> [Exercise brief]:
Write out nothing but the lines from the one containing "Büyülü suluboya arkaplan" through the last line below, both included, and without the pictures.

> [Supplied material]:

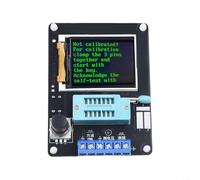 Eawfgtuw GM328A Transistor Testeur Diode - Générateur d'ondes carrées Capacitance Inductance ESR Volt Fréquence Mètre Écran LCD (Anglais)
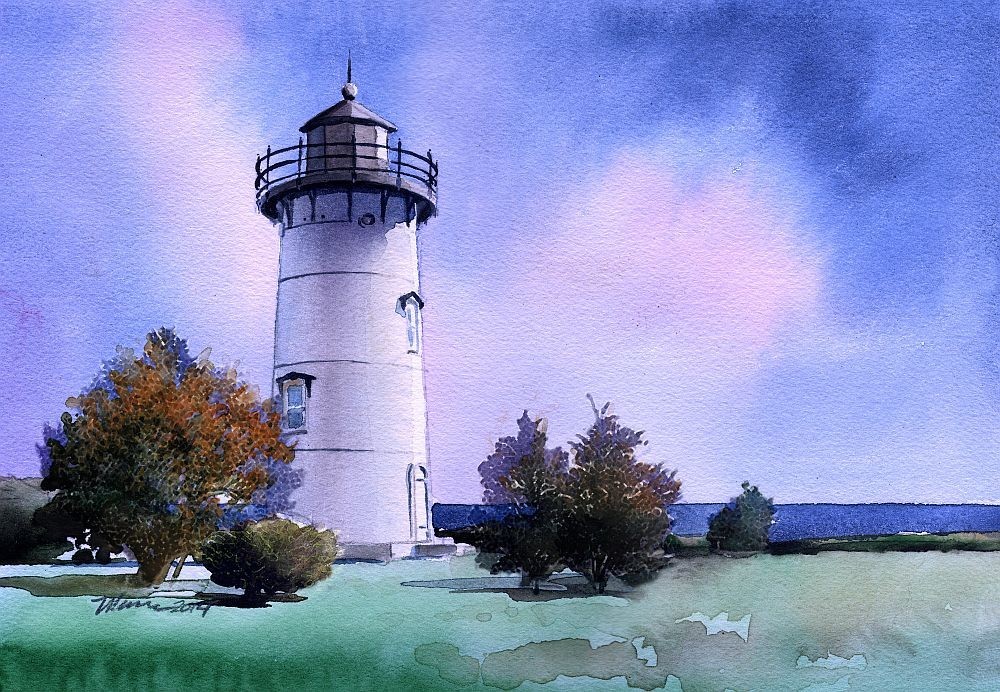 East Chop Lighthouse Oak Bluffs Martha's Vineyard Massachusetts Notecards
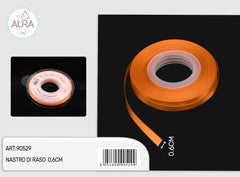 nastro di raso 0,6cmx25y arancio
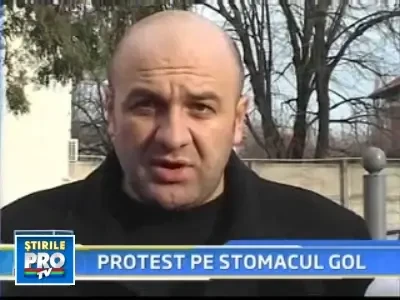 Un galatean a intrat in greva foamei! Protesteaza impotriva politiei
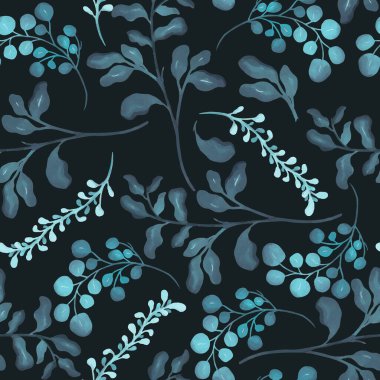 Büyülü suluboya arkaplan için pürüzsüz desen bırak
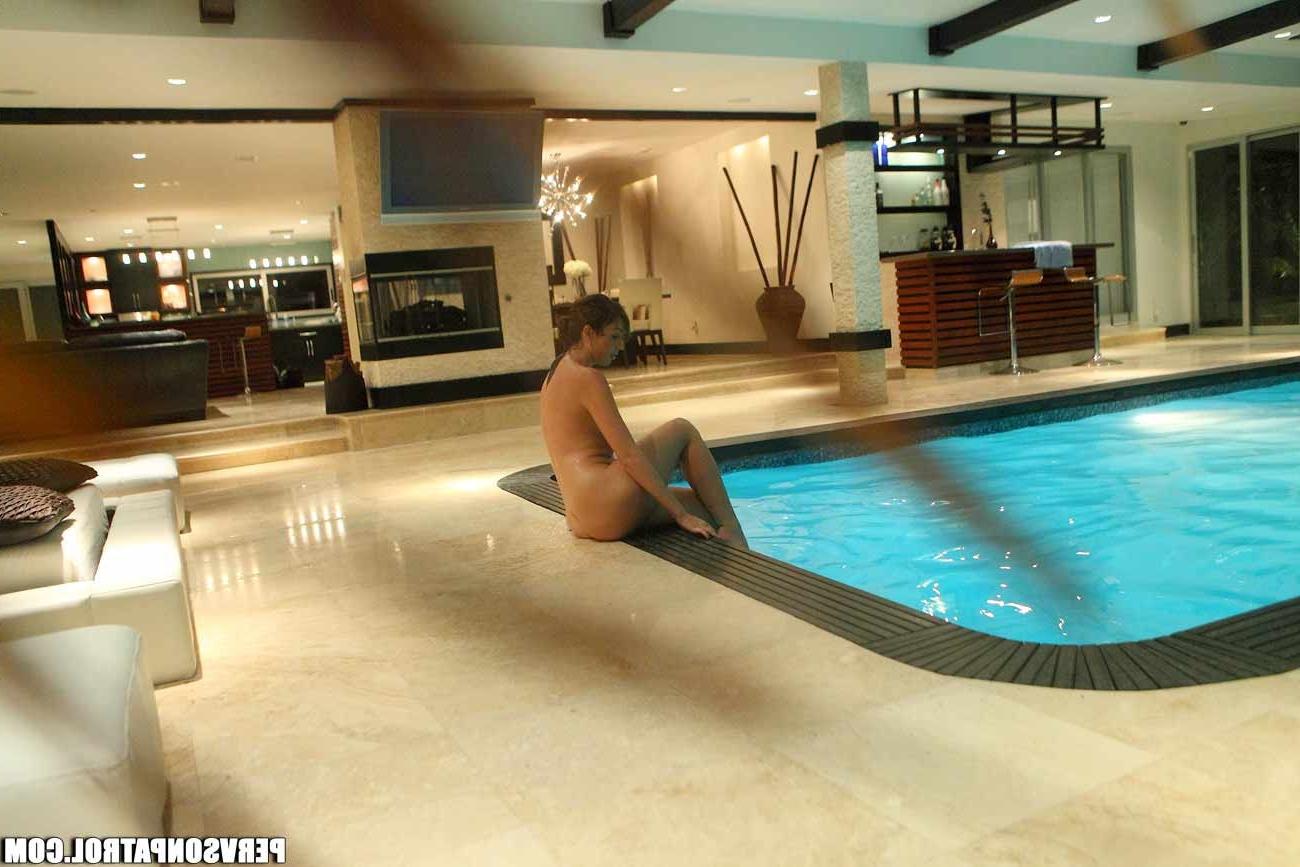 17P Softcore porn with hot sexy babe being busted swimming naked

> [Written answer]:
 Büyülü suluboya arkaplan için pürüzsüz desen bırak
 17P Softcore porn with hot sexy babe being busted swimming naked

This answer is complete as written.